Senate Democrats laugh off Trump's endorsement of banning congressional stock trading. But there's still no consensus on passing their proposals in the lame duck session.
Senate Democrats have been wrestling with a proposed congressional stock trading ban.
Donald Trump endorsed banning congressional stock trading in his 2024 campaign launch.
Democratic leaders rejected Trump's ethical advice but aren't above using it to woo GOP support.
Senate Democratic leaders have no interest in taking advice on financial responsibility from scandal-plagued presidential hopeful Donald Trump — even if they're struggling to move a congressional stock trading ban bill on their own.
"We want a ban on members of Congress getting rich by trading stocks on insider information," Trump said Tuesday night during his 2024 rollout.
"I'm just so impressed that Donald Trump is giving us an ethical standard to live by," Senate Majority Whip Dick Durbin scoffed after being asked what he thought about the embattled former president floating a crackdown on politically-motivated investing as part of his 2024 comeback bid.
Trump is currently under investigation for legal problems galore, including allegedly inciting the January 6, 2021 siege at the US Capitol, meddling in Georgia's 2020 elections in order to overturn President Joe Biden's lawful win, and payroll-related issues at his family business.
He still felt qualified to weigh in on the unfinished legislative business Senate stock-ban point man Sen. Jeff Merkley of Oregon shelved until the lame duck in September.
Merkley was more diplomatic about Trump's shoutout than Durbin, using the unsolicited plug to stoke bipartisanship on Capitol Hill.
"I'm pleased to hear Trump supports a ban on congressional stock trading," Merkley wrote in an email. "And I encourage my Republican colleagues to join this effort."
As matters stand, House Democratic leadership introduced a stock-ban bill in September but delayed a vote on it until after the 2022 election. Merkley declined to comment on the prospects of bringing up Senate stock-ban legislation that a Democratic working group has spent all year trying to hash out.
Durbin told Insider that he hadn't heard "anything that's going to be current" in terms of scheduling an actual floor vote.
Senate Majority Leader Chuck Schumer tasked caucus members with bolstering stock trading rules after Insider's "Conflicted Congress" investigation revealed widespread violations of the Stop Trading on Congressional Knowledge (STOCK) Act and numerous financial conflicts-of-interest among members.
A slew of related bills have since cropped up in both chambers — some sponsored by Democrats, others by Republicans, still more in a bipartisan fashion.

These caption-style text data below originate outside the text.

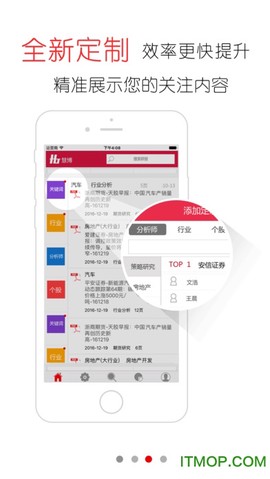 慧博投资分析图1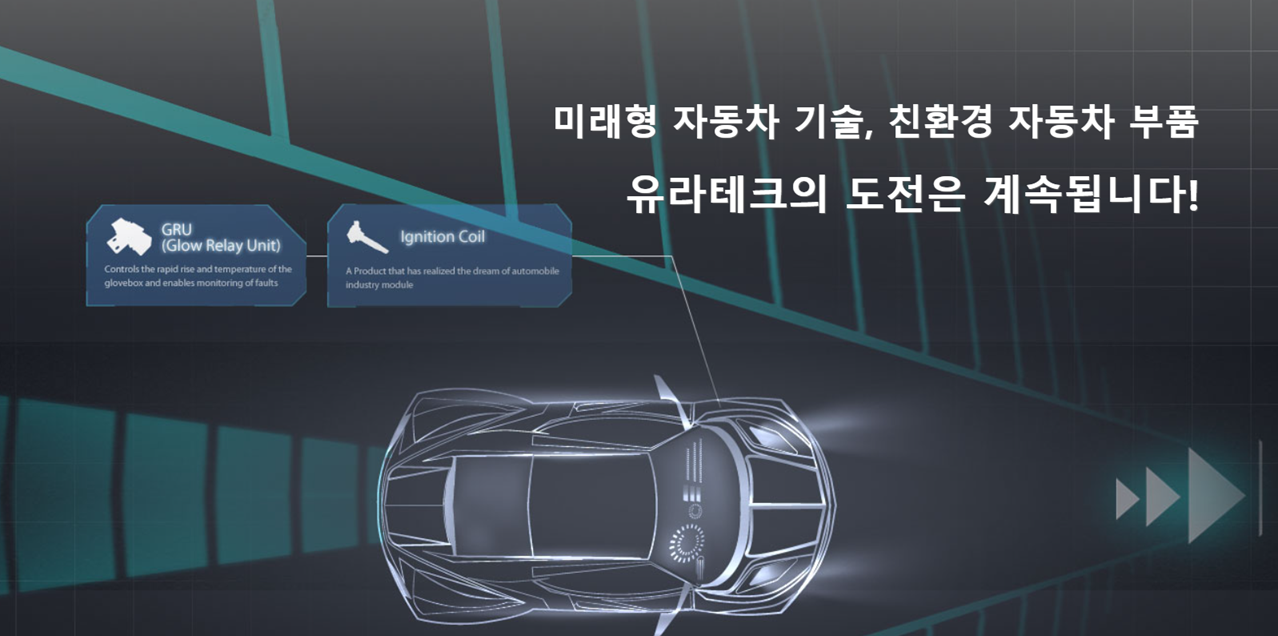 유라테크 기업개요 주가 전망 : 네이버 블로그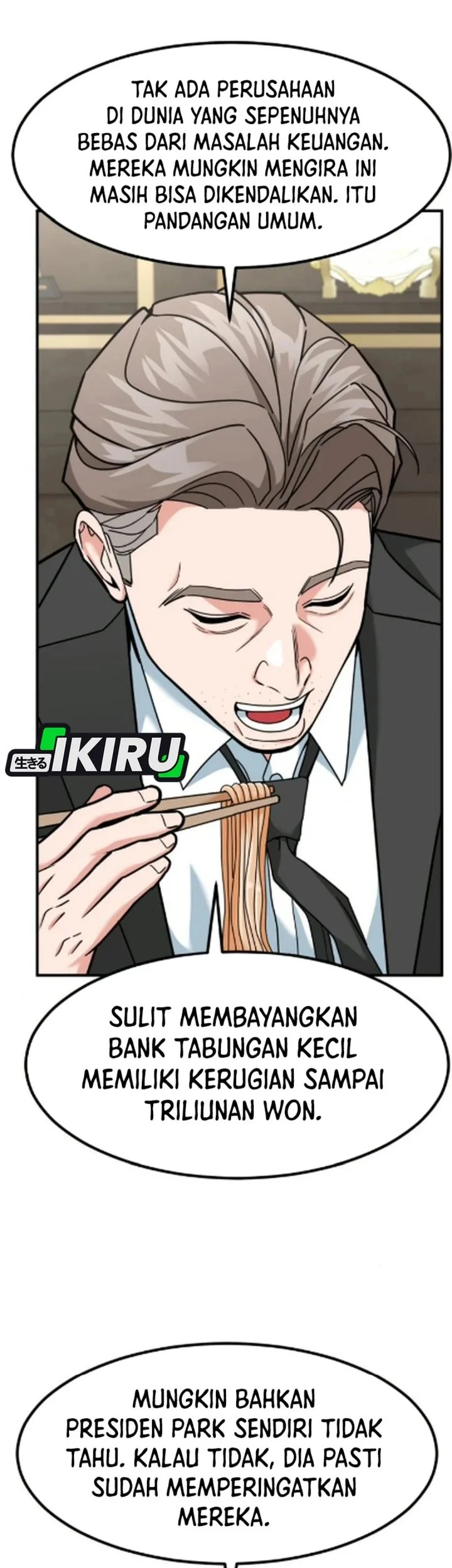 The Investor Who Sees the Future Chapter 84 - halaman 41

Stock trading ban advocate Sen. Elizabeth Warren of Massachusetts urged Democratic leaders to follow through on the most popular proposals before decamping for the holidays.
"This ought to be a window of opportunity," she told Insider of the post-election transition period, adding, "We have talked about this at length … It's time."
Republican House Minority Leader Kevin McCarthy of California, who's poised to become speaker of the House once Republicans control the chamber come January, has this year signaled an interest in pursuing a stock-trade ban if the current Democrat-controlled Congress fails to do so.